▶ _WHAT IS REQUIRED_
Only the lines from the one containing "Toyota RAV4 — экстерьер" through the last line of the data below belong in your answer, copied exactly and without pictures.

▶ _Short text fragments from websites_
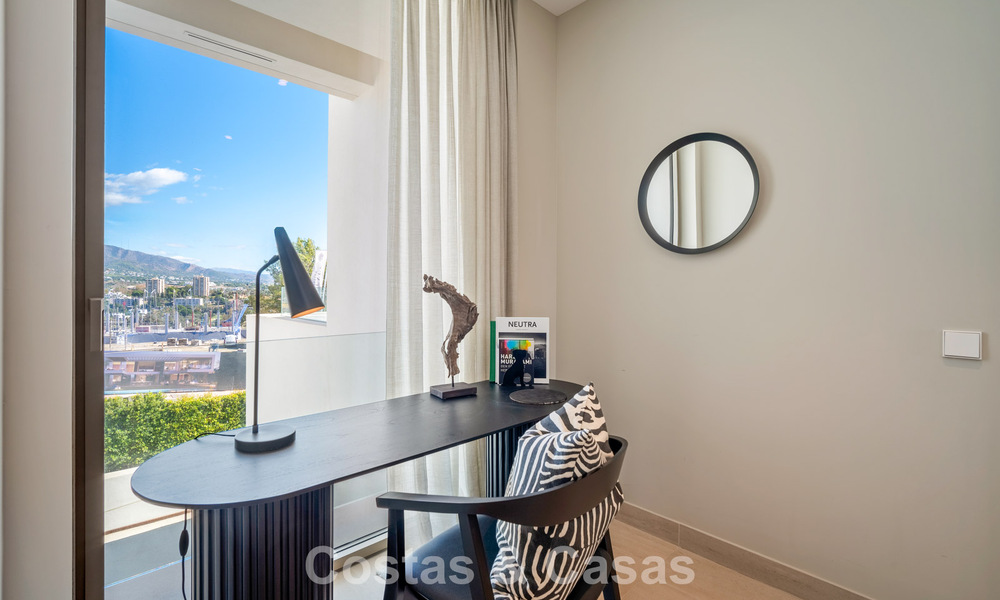 Minimalist luxury home with panoramic sea views for sale in a prestigious gated complex in Nueva Andalucia, Marbella 788611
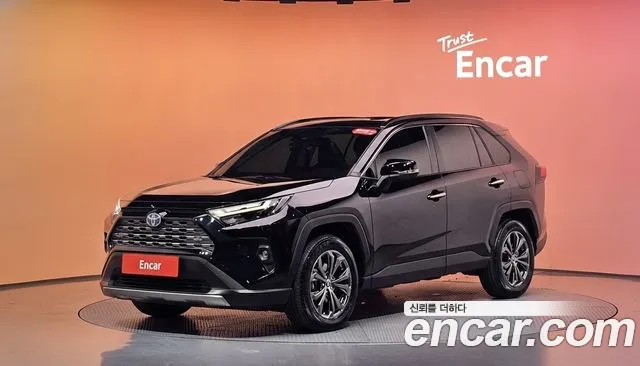 Toyota RAV4 — экстерьер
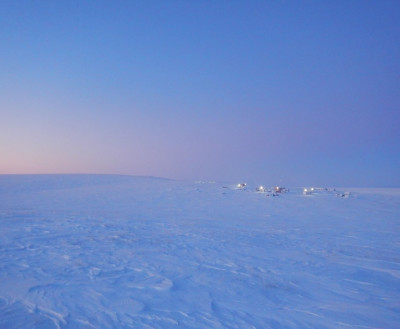 ФОТО ДНЯ: На временной полевой базе Хастыр отступает полярная ночь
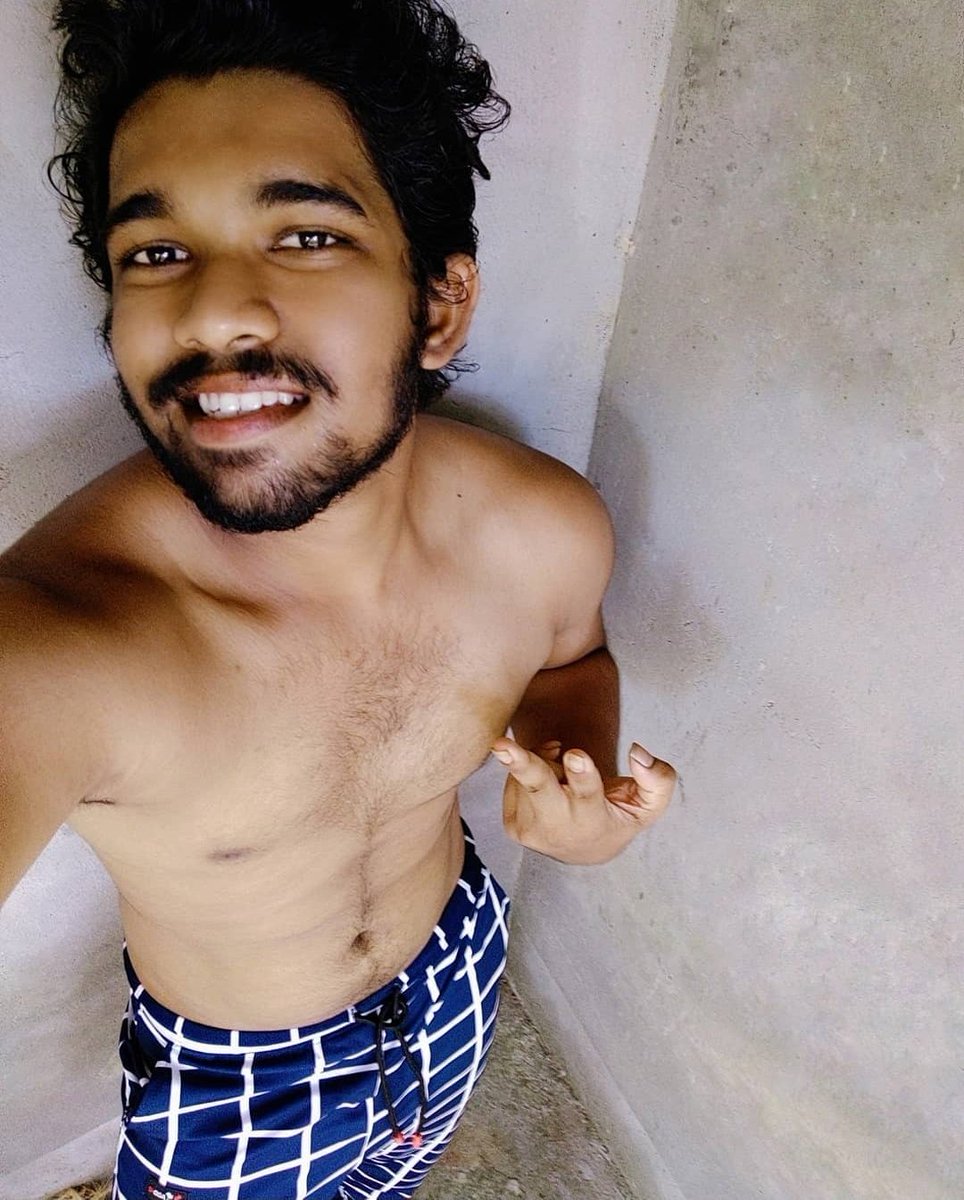 AnoopAU2's tweet photo. #homeworkout 💪💪 https://t.co/Fscfhbyil6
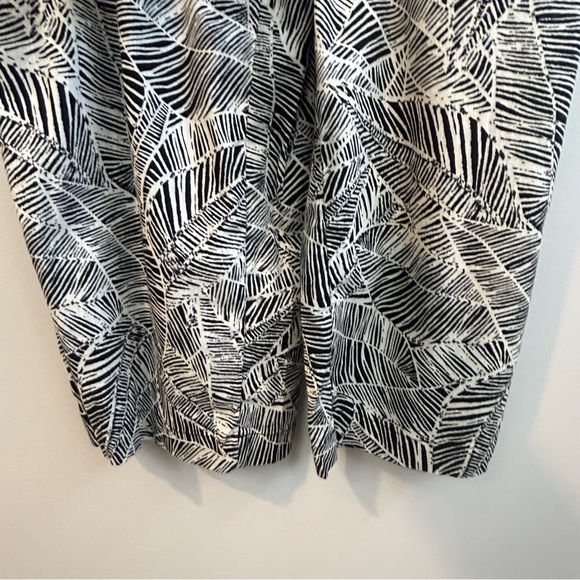 NWT Old Navy Black/White Palm Print Sleeveless Tank One Piece Jumpsuit Size XS - Picture 9 of 9
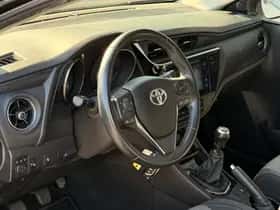 Toyota Auris (2017) thumbnail 2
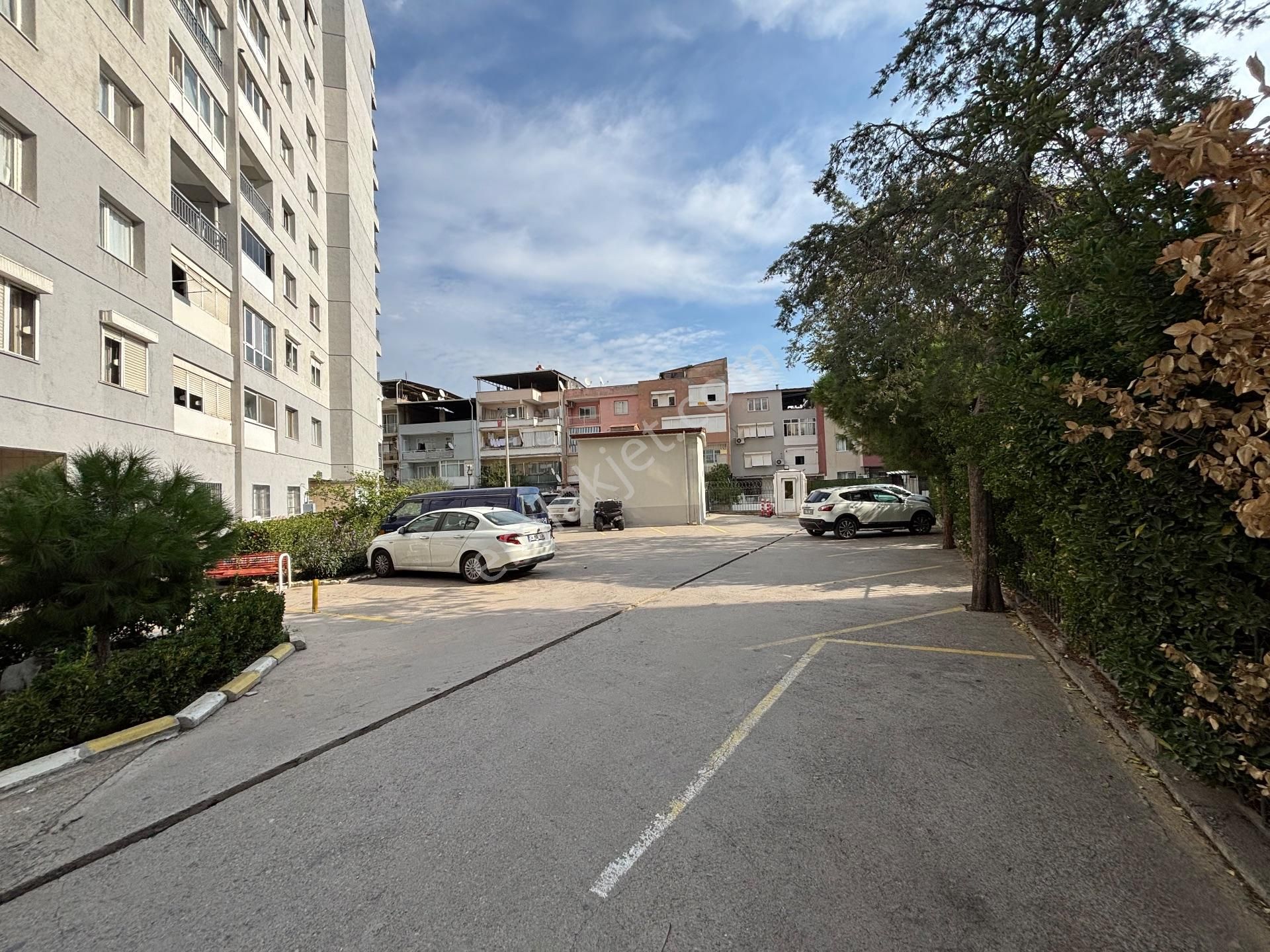 Locate'den Tepekule Mh. Site İçinde Tadilatlı Kiralık 3+1 Daire - Görsel 5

▶ _RESPONSE TO THE EXERCISE_
 Toyota RAV4 — экстерьер
 ФОТО ДНЯ: На временной полевой базе Хастыр отступает полярная ночь
 AnoopAU2's tweet photo. #homeworkout 💪💪 https://t.co/Fscfhbyil6
 NWT Old Navy Black/White Palm Print Sleeveless Tank One Piece Jumpsuit Size XS - Picture 9 of 9
 Toyota Auris (2017) thumbnail 2
 Locate'den Tepekule Mh. Site İçinde Tadilatlı Kiralık 3+1 Daire - Görsel 5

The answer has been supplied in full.